It was an hour-long Uber ride from Kate’s apartment in DuPont Circle to the historic town of Manassas, site of the medical examiner’s office for northern Virginia.
Kate’s first visit to Manassas had been at age eleven. She’d told her parents she was ready to do a summer sleep-away camp for young theater actors. Her mother cried, but her father was so proud of his “big girl” that he’d immediately plopped down deposits on programs at Lincoln Center in New York, Steppenwolf in Chicago, and even the West End in London. On her own, Kate had found the Manassas ARTfactory—perfect not only because the old building was once a candy factory, but also because it was just thirty minutes from home.
Kate stopped her car on Battle Street, where her parents had dropped her off, and the memories flooded back.
“If you change your mind and want to come home, honey, it’s okay,” her mother had said, to which her father had a predictable and firm response:
“She’s staying.”
Kate cut the trip down memory lane short and arrived only a few minutes late for her 2:00 p.m. appointment. The medical examiner’s assistant led her down the hallway to the autopsy room.
“Are you ready, Ms. Gamble?” he asked.
“I think so.”
The door opened, and Kate followed the assistant inside. Torrents of icy air gushed from the air-conditioning vents in the ceiling. Bright lights glistened off the white sterile walls and buffed tile floors. Kate said nothing as they continued across the room to the mound beneatha white sheet on a stainless-steel table. The assistant reached for the upper-right corner of the sheet, near a dissection table upon which the medical examiner’s scalpel and other instruments were neatly arranged.
“I’m not here to rush you,” he said, holding the sheet by the corner. “You tell me when.”
“I only want to see her hand,” said Kate.
The assistant nodded, as if to say,Good decision.
“The right hand is fractured, so—”
“The left is fine,” said Kate.
He peeled back the sheet a few inches. Kate stared down at the familiar hand that had once held hers. She didn’t gasp and collapse to her knees, the way television melodramas invariably portrayed the reaction of the next of kin. It was all a bit numbing.

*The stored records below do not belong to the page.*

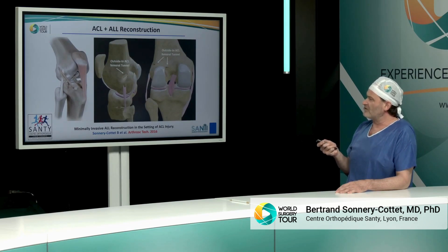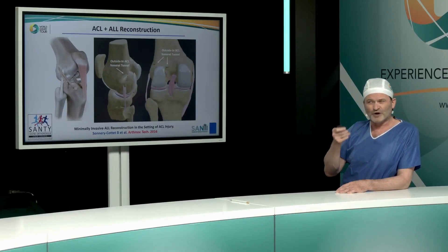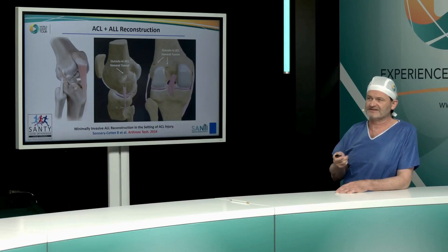We do this outside-in femoral tunnel with a double ILL reconstruction, which is pretty similar to the MPFL. We consider that this double ILL reconstruction provides good control during the full range of motion, which is different from the Le Maire technique that is probably more efficient in the position that you fix it.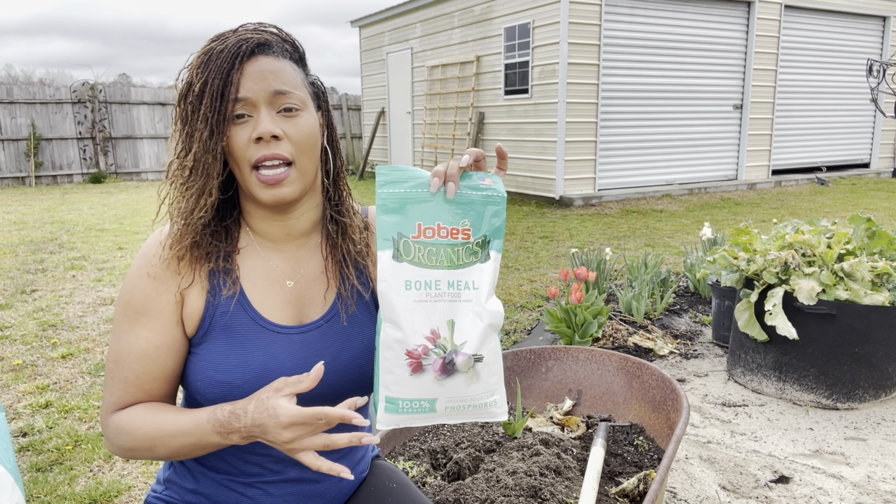First thing first is getting this soil ready for replanting. I'm going to break this soil up — it has a lot of roots in it and it needs to be refreshed. I'm going to move some of these roots out of the soil. Can you guys see how bulky it is? We're going to break all this up.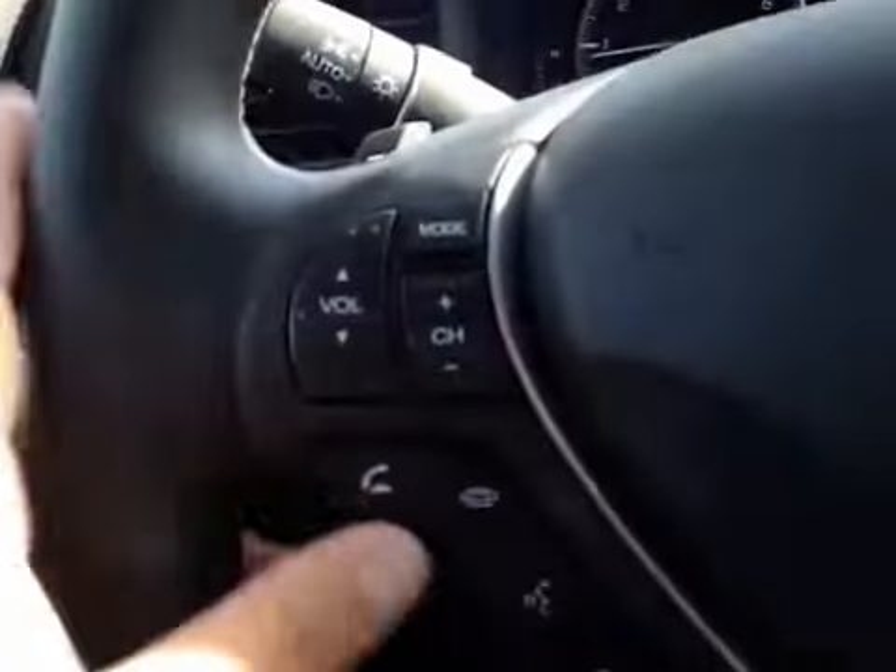Here's your dash. On this leather-wrapped steering wheel, we have your stereo sound system controls, as well as your Bluetooth, paddle shifters, and cruise control.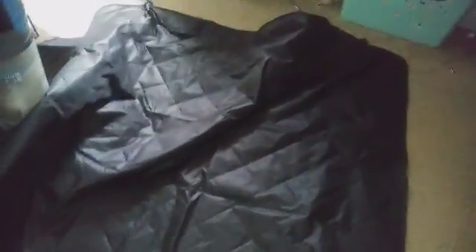Oh yeah, I forgot to mention — it does have straps so you can connect this to the back of your seats very easily. There's one on each side so it stays in place very well. All right guys, thanks for watching.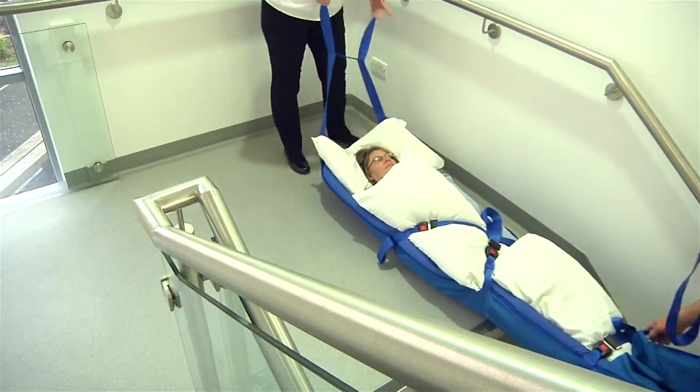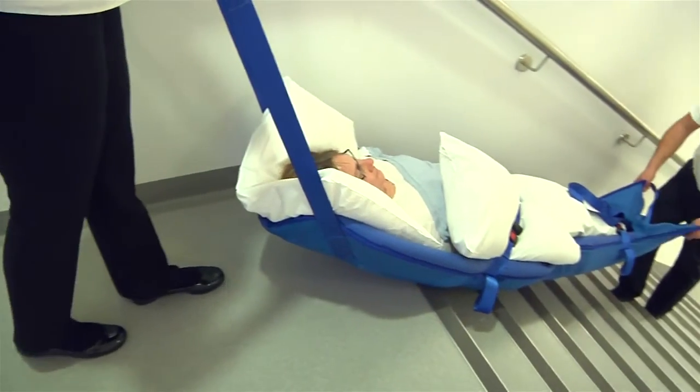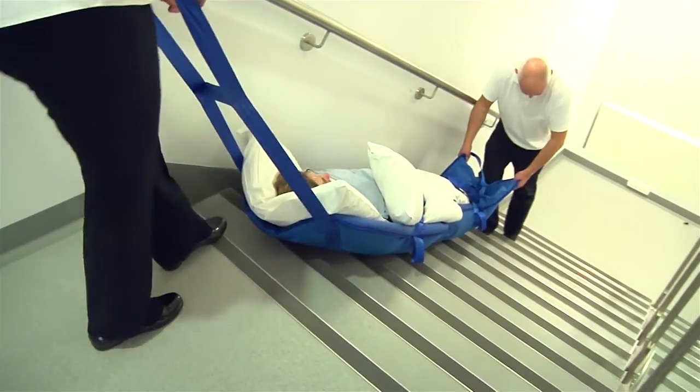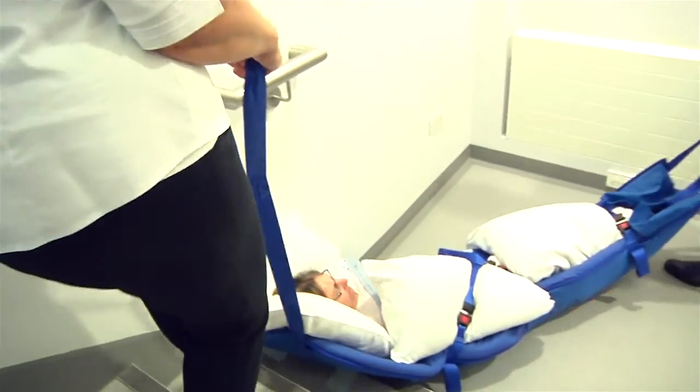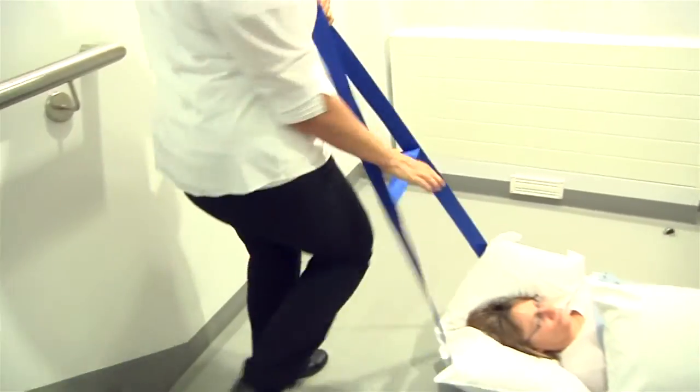If needed, the cross straps can be used to position the ski sled on the half landing area. Good communication is essential to ensure that the head end operator does not overbalance in an attempt to keep pace with the carer at the lower end.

“Where’s her jewelry?” asked Kate. “Her engagement ring and wedding band?”
“Everything is secured in a locker until after the autopsy. Your father advised that someone from his security detail will pick it up.”
Kate wondered what jewelry they would recover. Had she leapt to her death wearing her wedding ring? The Tiffany necklace Kate liked to borrow? Her favorite earrings? How does one decide such things?

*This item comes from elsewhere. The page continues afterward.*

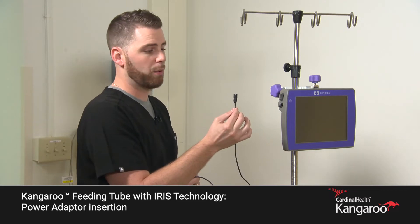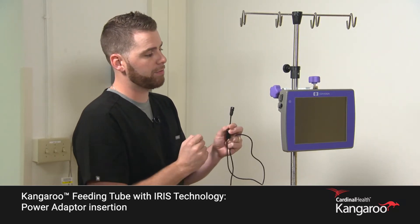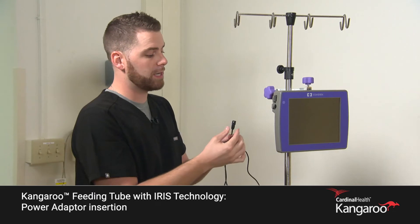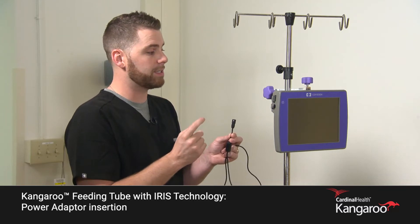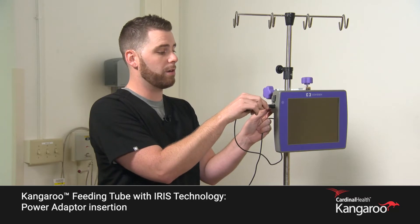It's important to note that to connect your power, you want the white arrow on the front of the power connection facing the front screen of the console. The power adapter does have a sleeve — it will connect and sit itself in place. To insert, align the white arrow forward.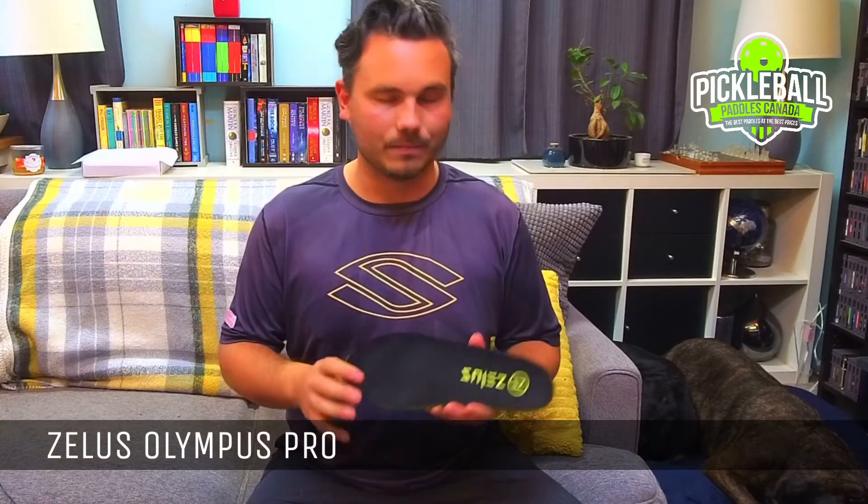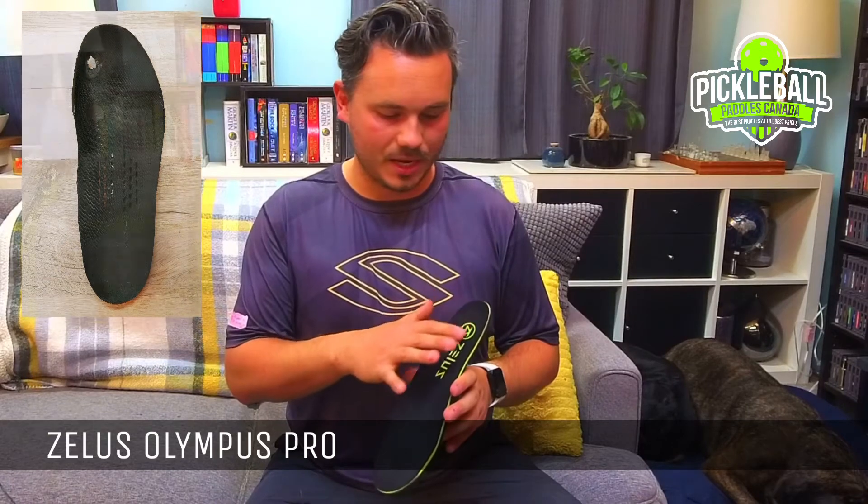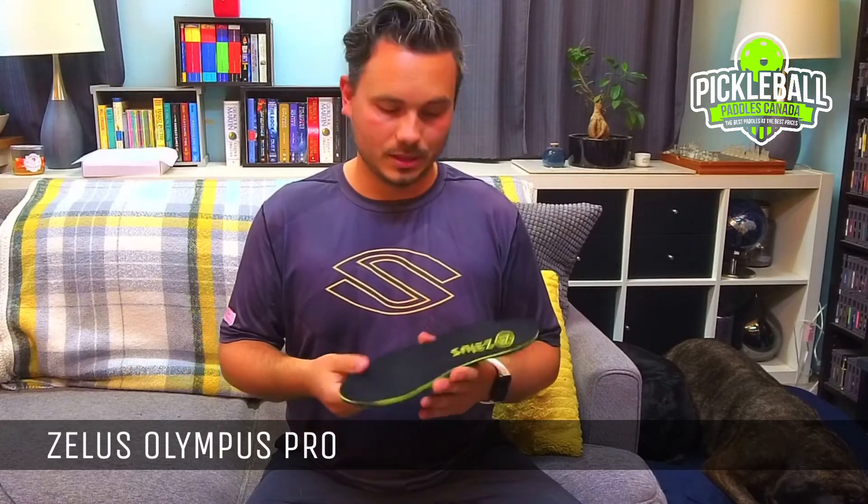Lastly, as pickleball players, we tend to be hard on our insoles because there's a lot of friction that we create while playing and that tends to burn holes in our insoles. So what Zealous has done is they've made a suede upper to make the insole much more durable. So not only do you have the most comfortable, the most supportive, and now you have the most durable insole — or at least I think — on the market.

Kate laid her hand atop her mother’s. It was cool to the touch. Holding it there, even for a minute or more, didn’t warm it. Nor did the chill of this final, brief physical connection even begin to answer the most basic of questions her mother had left unanswered.
Why?
Kate opened her purse, removed a bottle of nail polish, and unscrewed the top.
“What are you doing?” asked the assistant.
“When I was a little girl, my mother would let me paint her nails. It was our thing. I wanted to do that for her today.”
The assistant looked pained. “I don’t mean to be insensitive, but you can’t do that until after the autopsy. It’s scheduled for later this afternoon.”
Kate had observed an autopsy as part of her Law and Forensic Science practicum. She glanced at the cold, stainless-steel scale, where the medical examiner would weigh the brain, kidneys, heart, liver, and other organs upon removal; and then her gaze drifted toward the dissection table, where the scalpel would do its work. The procedure would be done with proper respect, she was certain, but the battered body was already in poor condition. An autopsy would leave only a hollowed-out husk.
“I don’t think I want to come back after the autopsy,” said Kate.
“I wish I could bend the rules. But I can’t.”
Kate felt cheated at first, then thought maybe the assistant was doing her a favor by keeping this short. She put the bottle of nail polish away. “I understand.”
Kate rested her hand atop her mother’s for a moment longer and said goodbye.
The assistant led her back to the lobby. “Do you have any questions I can answer for you?”